In an earlier post from 2021, I ran through a basic use case for an acoustic index called the Normalised Difference Soundscape Index (NDSI). For this instalment of the blog, I want to return to examining this acoustic index, examining how parameter setting can be important within the context of a given location.

If you’re not already familiar with this index, most of this post should still be understandable. However, if you’d like to know more about the origins of the index and the initial use case I conducted, then read this previous post.

In the initial exploration of the NDSI, I highlighted the parameters that can be set in the call to the functions, ndsi() and multiplesounds() contained in the R package, acousticecology.

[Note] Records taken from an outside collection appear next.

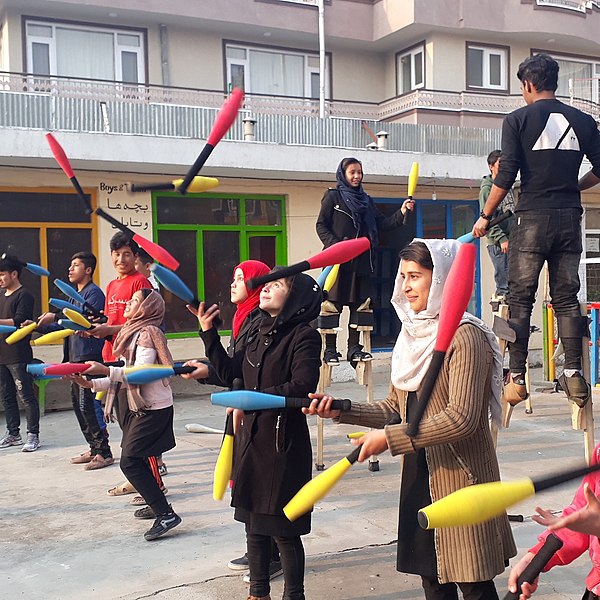 Children performing juggling as part of the International Jugglers' Association supported Mobile Mini Circus for Children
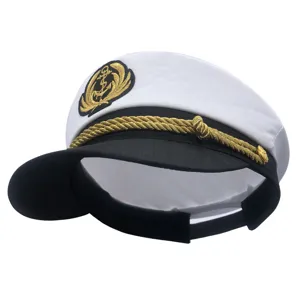 Detailed shot of classic white sailor captain hat with gold braided rope and anchor embroidery.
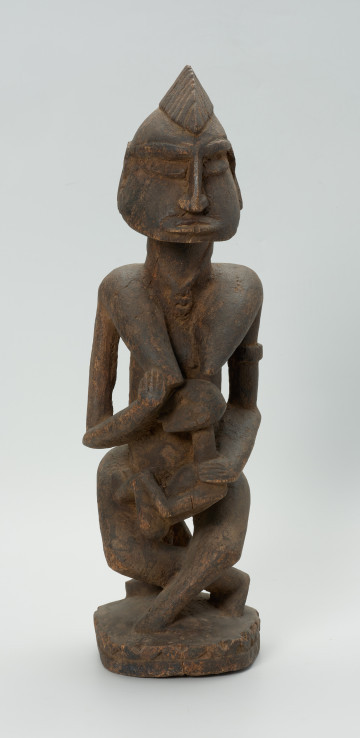 drewniana, rzeźbiona figura - Ujęcie z przodu. Drewniana, rzeźbiona postać kobiety, trzymającej w ramionach małe dziecko.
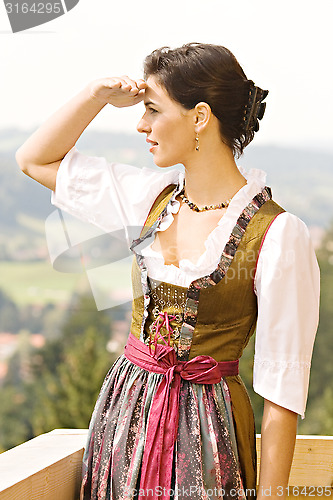 Image of bavarian Girl in a dirndl on a balcony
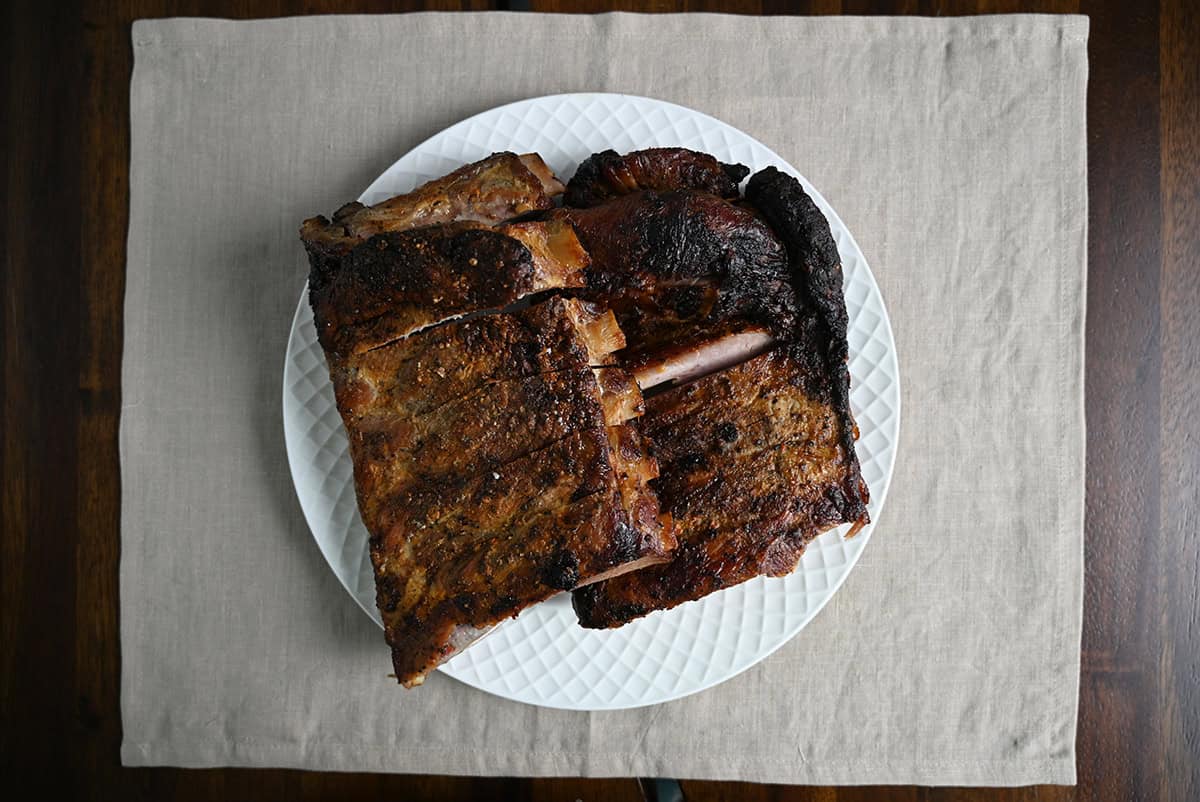 Top down image of a white plate with a few slabs of cooked ribs on the plate.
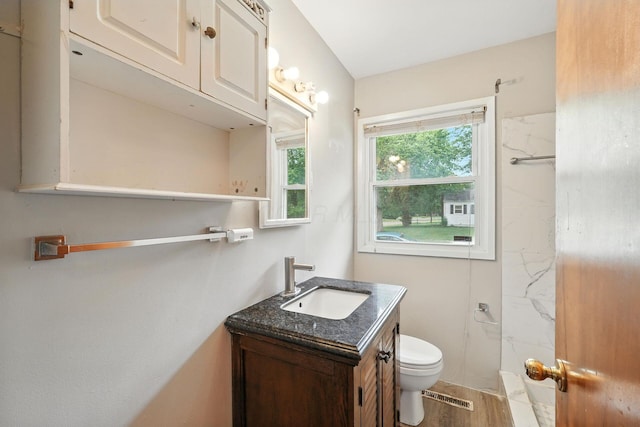 1193 Marble Dr, Columbus, OH 43227 - full bath with vanity, wood finished floors, and a shower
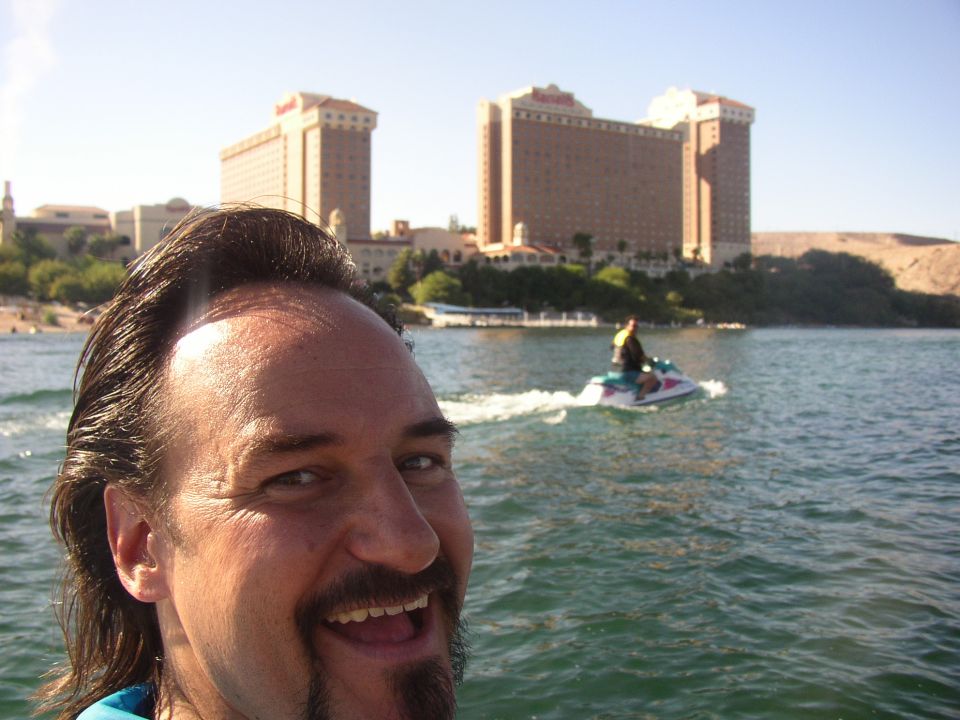 Selfie of a smiling man on the water with a jet ski rider and tall resort towers in the background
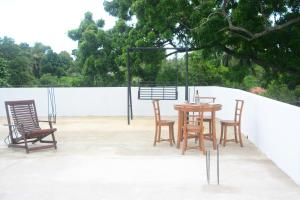 Une table et des chaises en bois sont disponibles sur la terrasse. dans l'établissement Concey Transit Hotel Airport view, à Katunayake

You may recall that the function ndsi() accepts one audio file as an input, whereas multiplesounds() accepts a directory path for many audio files.

# a single audio file
ndsi(soundfile, fft_w = 1024, anthro_min = 1000, anthro_max = 2000, bio_min = 2000, bio_max = 11000)

# many audio files
multiple_sounds(directory = "/home/user/wavs/", 
resultfile = "/home/user/results.csv", 
soundindex = "acoustic_complexity")

While ndsi() provides an ideal function for ‘snapshot’ observations, for the exploration of acoustic data trends over a time series and investigating potential correlations with covariates, multiplesounds() is a far more useful tool, especially in terms of its incorporation into an EDA workflow.

Many files, much time

In the preparation for this post I employed multiplesounds() to perform NDSI on thousands of minute-long audio files recorded at regular intervals over a five-week period. I thought that since I’m returning to an index already covered on the blog, it’s appropriate that I should return to a familiar site of observation: my balcony in the Adelaide suburb of Parkside.

From December 2021 to January 2022, I deployed an AudioMoth on the balustrade of the balcony to record periodically between 5am to 9pm at 10 minute intervals, recording for a minute at each iteration. A full day would result in 96 individual audio files. Given that I changed over rechargable batteries and do a MicroSD data dump a couple of times *, this meant that every day didn’t result in 96 audio files and from the 13th of December 2021 to 23rd of January 2022 I ended up with 3,947 audio files.

* Given my past misfortune with an AudioMoth, the regular data dump was done more as a means of not losing any data through malfunction or mishap. It wasn’t a big deal either way since my studio leads onto the balcony! In case you’re wondering why I didn’t just do this at the end of a given recording period (i.e. after 9pm), honestly – these days – I’m already in bed!

I figured that a 5am to 9pm recording schedule would document a good cross-section of familiar sounds indicative of the neighbourhood soundscape.

Such familiar sounds include: birdsong, neighbours coming and going from the driveway (I live in a six-townhouse complex on one block), close and distant voices, cars travelling down the street, air conditioners, dogs barking, leaf blowers, power tools, doors opening/closing, crickets chirping, the thrum of rush-hour traffic from the distant main roads, the flying foxes that pass over on summer evenings and the distant drone of aircraft.

Since the NDSI algorithm is designed for measuring the ratio of anthropophony (human-made sounds) to biophony (non-human biological sounds), those sounds I listed above certainly dispose themselves into two distinct categories and largely compliment the utility of NDSI, going some way to accurately quantifying key characteristics of an acoustic environment. This is especially true in a suburban environment, where the perceived amount of anthropophony to biophony fluctuates both regularly and unpredictably.

Though it’s been previously covered in the earlier blog, a refresh on the NDSI scale is probably useful at this point.

NDSI calculates an index value for a given observation on a scale of -1 (strong anthropophony) to 0 (predominantly neutral/equilibrium) to 1 (strong biophony.)

Depending on the length of a given observation – let’s say a minute – the acoustic intensities occurring over the frequency spectrum will be evaluated on two primary parameters: the acoustic intensities occurring within frequency windows to measure anthropophony (typically 200Hz to 2kHz) and biophony (2kHz to 8kHz), respectively. From this, the events in the frequency spectrum are binned and a single value is returned.

With this background covered, we arrive at my current motivation for revisiting NDSI and its parameter control.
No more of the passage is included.